* _Requirement_: In the entries below, find the line with "Living Room Image" and the line with "Buy Lattafa Fakhar"; give again those lines and every line between them, exactly.

Supplied data below:

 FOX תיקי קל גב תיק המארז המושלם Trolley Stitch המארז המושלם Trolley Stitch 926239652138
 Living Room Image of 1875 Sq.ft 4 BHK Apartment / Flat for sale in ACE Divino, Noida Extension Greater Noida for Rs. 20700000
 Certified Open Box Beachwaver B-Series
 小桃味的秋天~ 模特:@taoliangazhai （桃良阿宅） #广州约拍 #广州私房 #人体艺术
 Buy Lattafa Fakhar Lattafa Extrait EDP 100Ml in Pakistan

End of Supplied data.
Supplied data below:

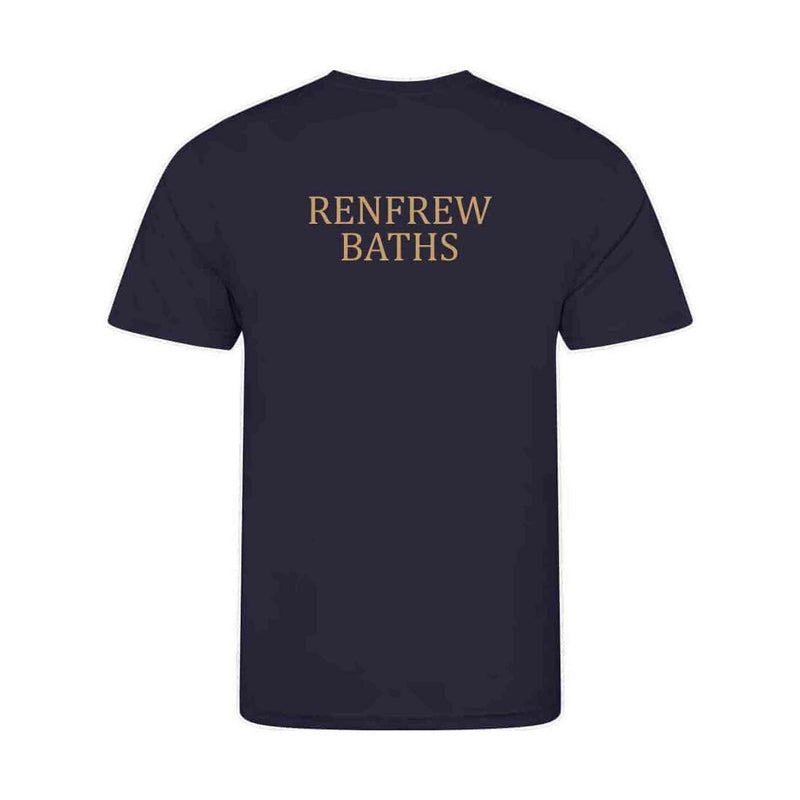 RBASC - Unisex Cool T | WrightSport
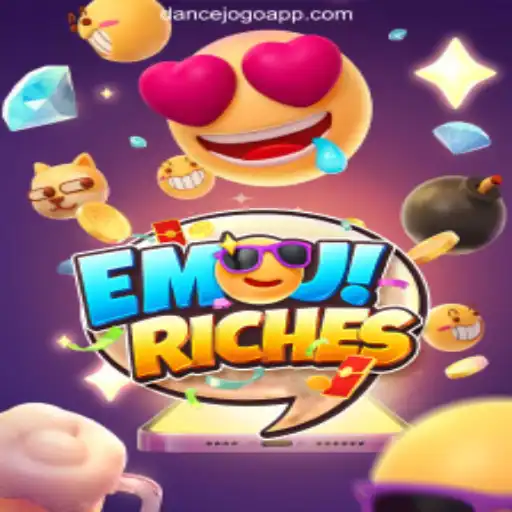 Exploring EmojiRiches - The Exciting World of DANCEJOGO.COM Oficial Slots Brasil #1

End of Supplied data.
Supplied data below:

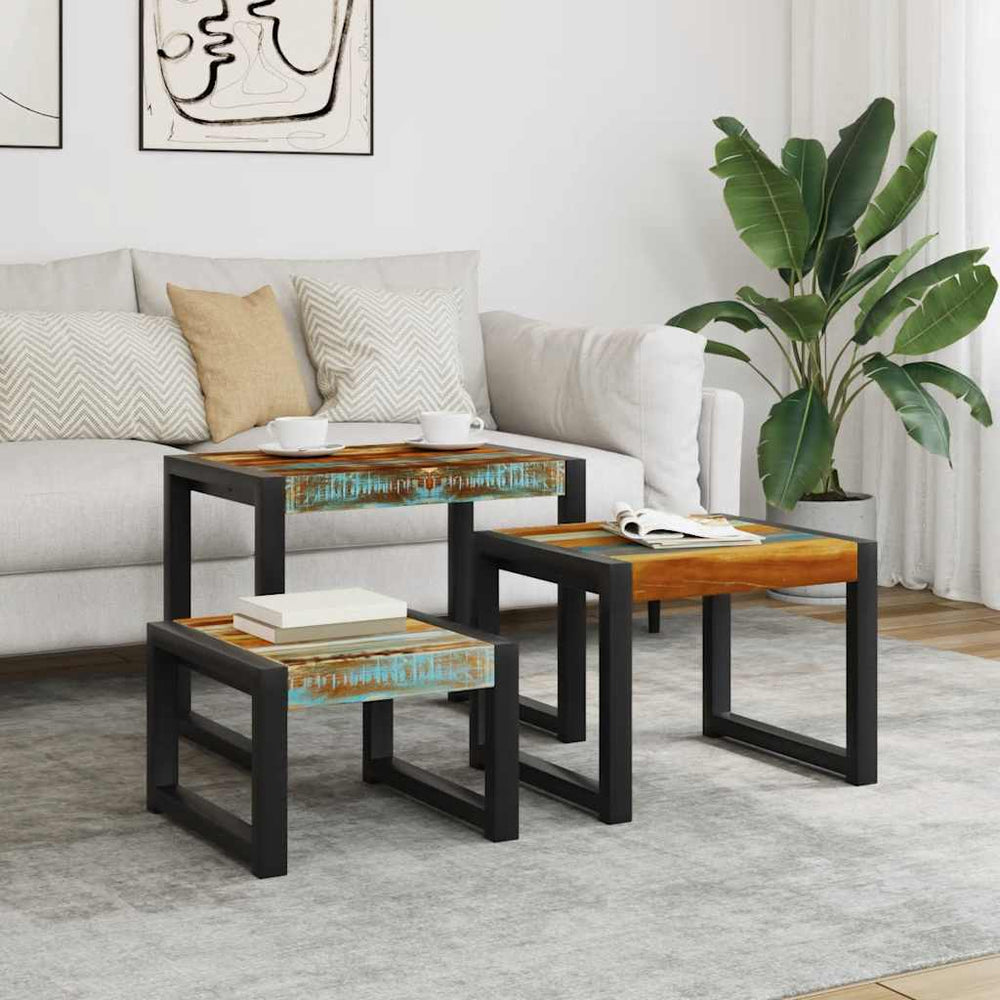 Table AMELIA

End of Supplied data.

* _Solution for this exercise_:
 Living Room Image of 1875 Sq.ft 4 BHK Apartment / Flat for sale in ACE Divino, Noida Extension Greater Noida for Rs. 20700000
 Certified Open Box Beachwaver B-Series
 小桃味的秋天~ 模特:@taoliangazhai （桃良阿宅） #广州约拍 #广州私房 #人体艺术
 Buy Lattafa Fakhar Lattafa Extrait EDP 100Ml in Pakistan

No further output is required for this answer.